Each of these dice have a number of blank faces and „oopsie triangle“ faces, roll three triangles and you lose control of the car.
You can choose to roll dice all together for „flat out“ which gives you „focus points“ or you can roll each dice separately starting at the first you placed which means you can stop at any time when you have 2 triangle faces. You can use focus points to skip rolling a die.
When you crash at speeds higher than 1 or 2 you can take damage and lose dice.
When you “lose dice” this doesn’t mean specific dice: if you’ve lost one black die, you can use 1-5 on one turn, 2-6 on the next.
1-2 and the white (coast) dice have 1 hazard each. 3-6 and the red (brake) dice have 2. The number and colour tell you when you can play it; when you roll, all that matters is hazard or not.
An important strategy tip: if you lose control in gear 1 or 2, you don’t miss a turn recovering (or risk damage). And if you’re rolling flat out, you can rearrange dice after you lose control, as long as you still lose it. So corners with a speed limit 1 are really handy, if you can arrange to cross that limit at speed 2 and have a nice safe stop rather than cutting a swath through the crowd.

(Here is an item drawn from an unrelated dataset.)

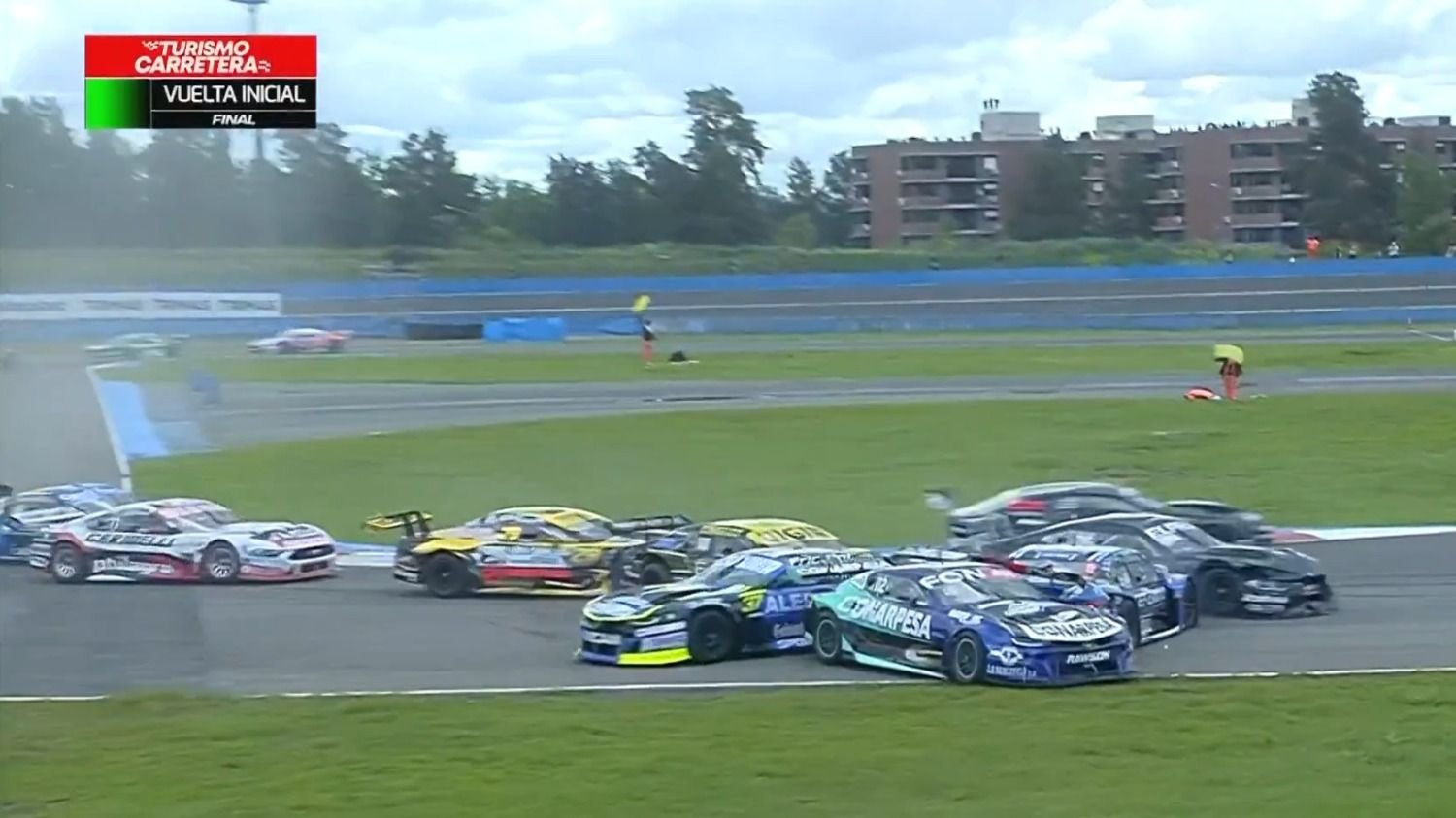 Caos en el TC, choque múltiple y título en suspenso: ganó Mauricio Lambiris con Ford en Rosario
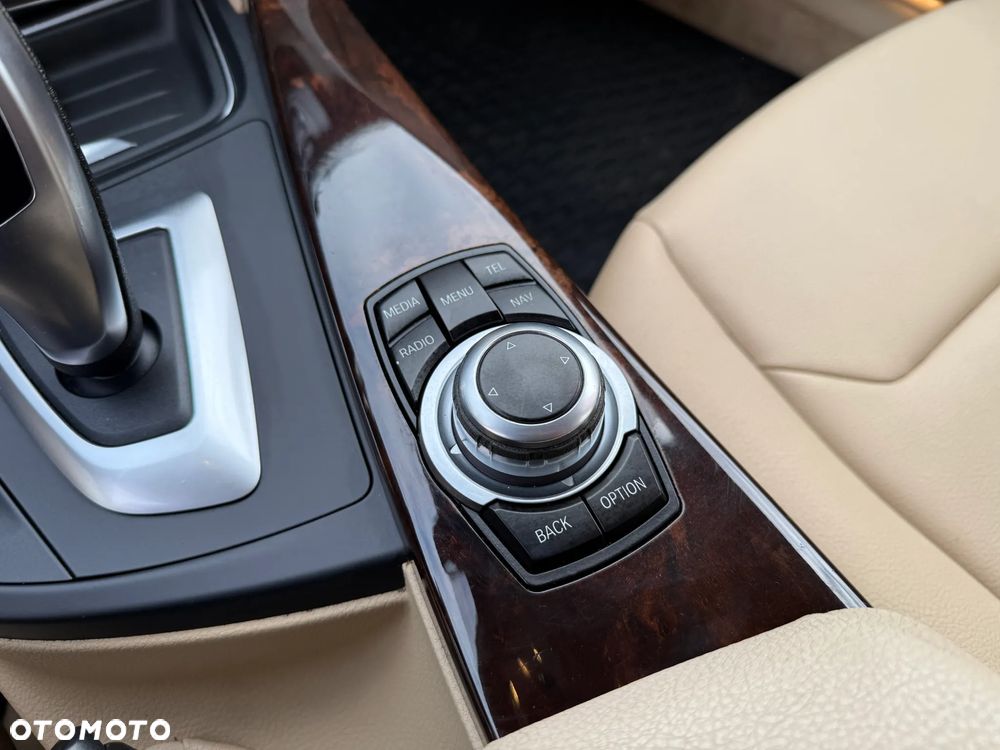 BMW Seria 3 318d Luxury Line - 22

Stuff BGA is doing automatically: turn order. Within each round, players act:
highest gear first
if tied, furthest round the track first
if still tied, inside of the current or next corner (i.e. space with speed restriction) first
This is probably a good time to talk about blocking.
This is a moderately unfriendly aspect of the game, so I would tend not to do it much with new players. I don’t mean filling up all lanes of the track, but rather the stuff you can do on your own: going fast to overtake someone who’s going slowly: if I end up at speed 5, one space ahead of someone who ended their previous turn at speed 3 and is going to move before I move again, they can’t accelerate up to speed 5 in a single space so they can’t move at all. (BGA shows this as a “skip turn” button.)